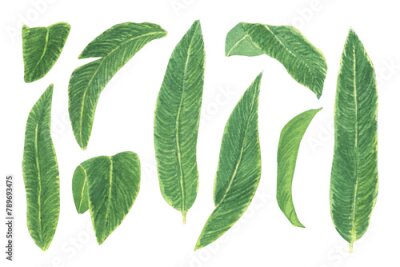 Papier peint  Watercolor tropical leaves set. Realistic exotic plants. Green leaves of strelitzia. Botanical hand drawn illustration on transparent.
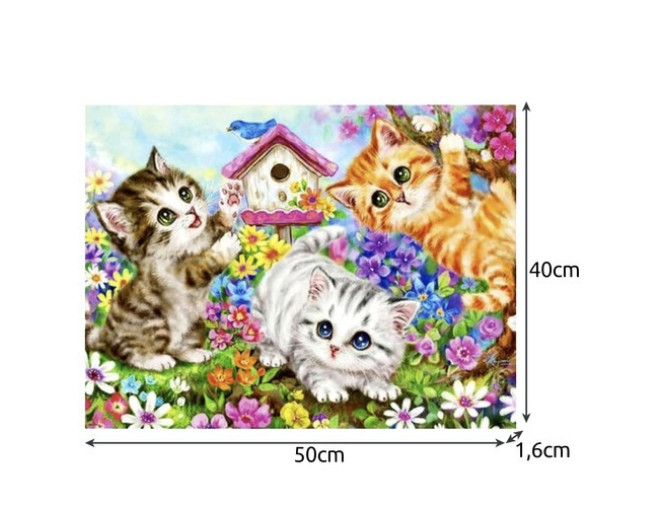 Tapymo paveikslas pagal skaičius 40x50cm Katės pristatymas per 1-4 d.d.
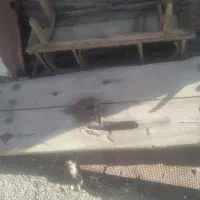 درب چوبی قدیم
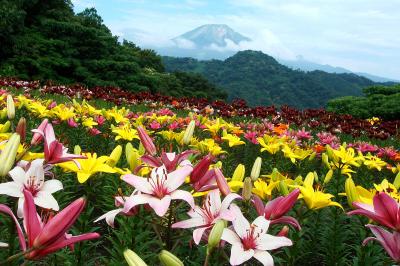 とっとり花回廊：6月上旬は見所いっぱい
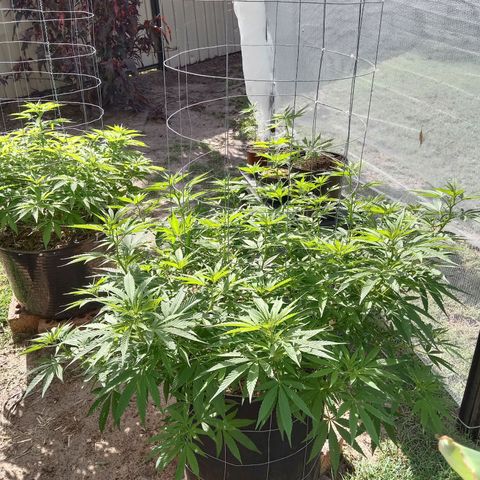 Doorman Lights #2 growlog photo: Progress
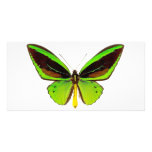 Bright Green Butterfly photo cards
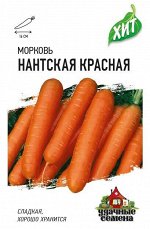 Морковь Нантская красная 1,5 г ХИТ х3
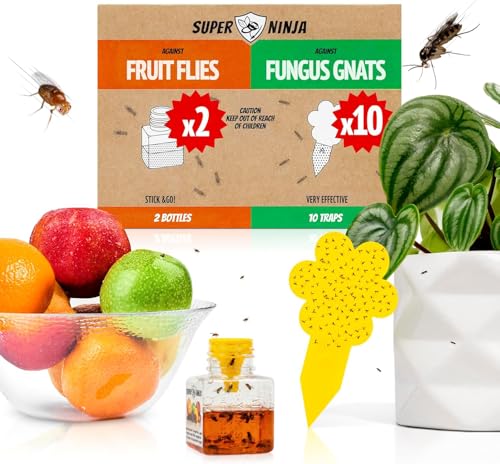 Super Ninja Fruit Fly & Fungus Gnat Traps for House Indoor (2 + 10) - size: 10+2 Pack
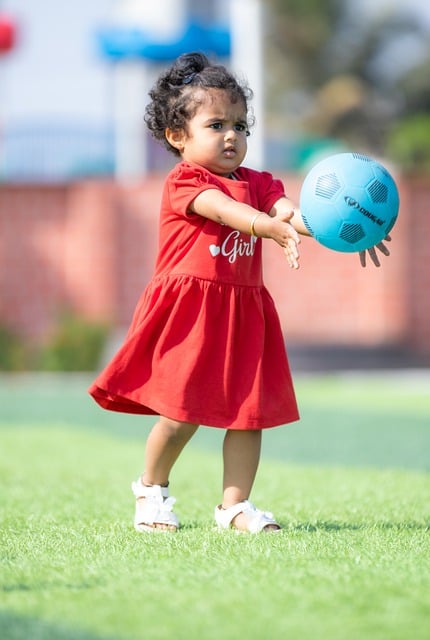 球队的积分 球队的积分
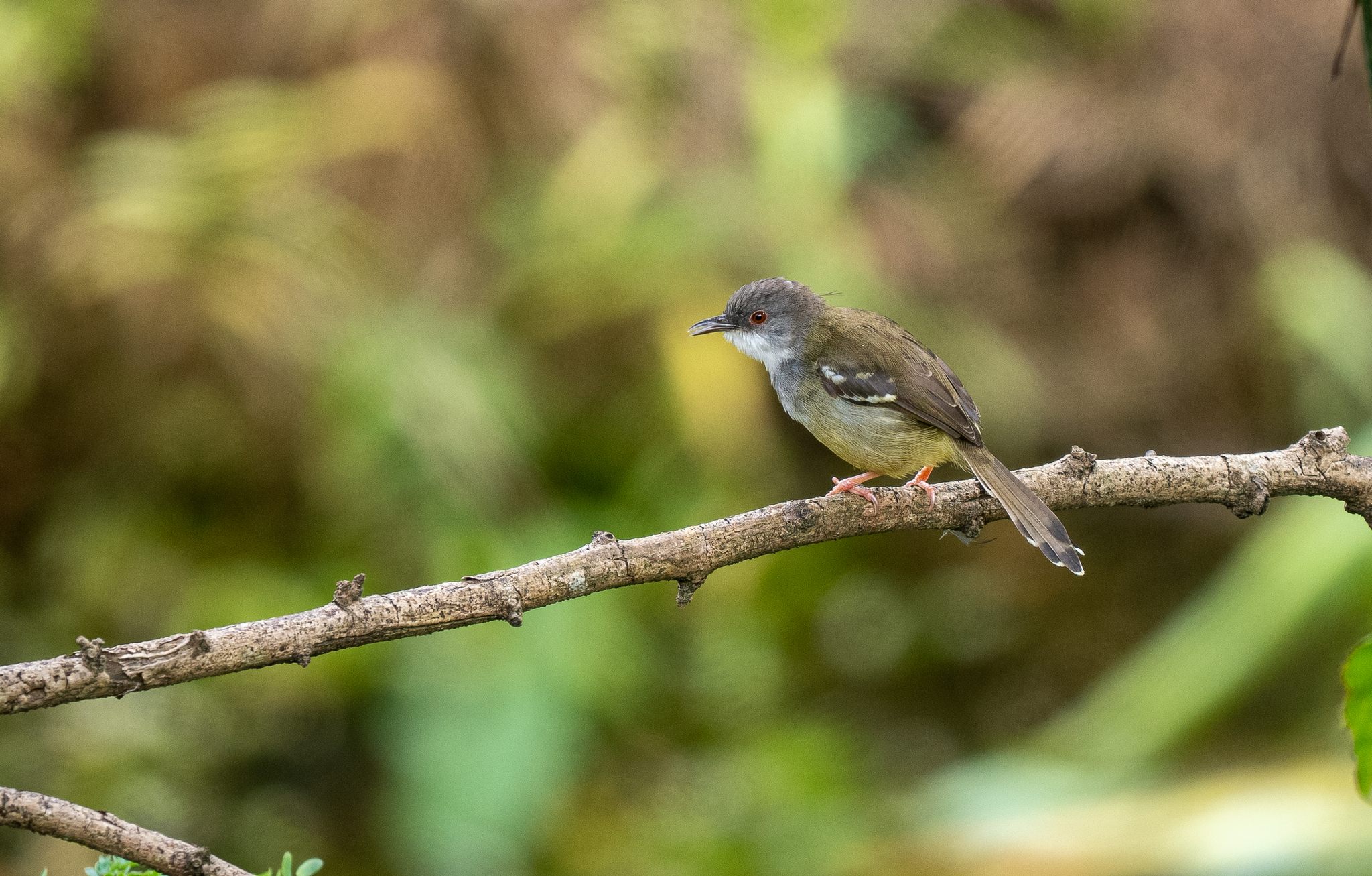 Bar-winged Prinia (Prinia familiaris), photo 5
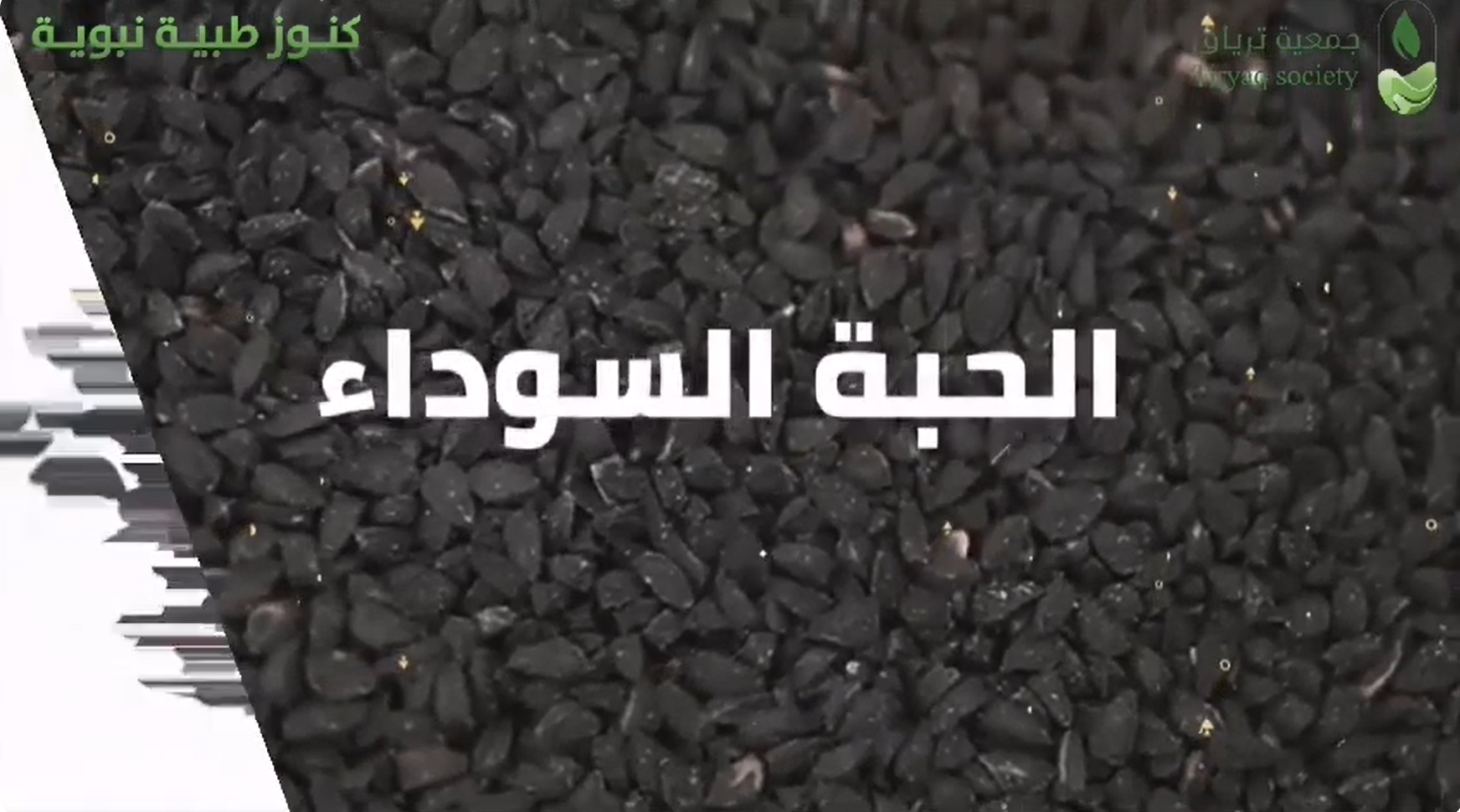 الحبة السوداء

_ _ _ _ _ _ _

- [WHAT YOU SHOULD DO]
Give back every record above word for word; the pictures have no place in it.

- [EXERCISE OUTPUT]
 Papier peint  Watercolor tropical leaves set. Realistic exotic plants. Green leaves of strelitzia. Botanical hand drawn illustration on transparent.
 Tapymo paveikslas pagal skaičius 40x50cm Katės pristatymas per 1-4 d.d.
 درب چوبی قدیم
 とっとり花回廊：6月上旬は見所いっぱい
 Doorman Lights #2 growlog photo: Progress
 Bright Green Butterfly photo cards
 Морковь Нантская красная 1,5 г ХИТ х3
 Super Ninja Fruit Fly & Fungus Gnat Traps for House Indoor (2 + 10) - size: 10+2 Pack
 球队的积分 球队的积分
 Bar-winged Prinia (Prinia familiaris), photo 5
 الحبة السوداء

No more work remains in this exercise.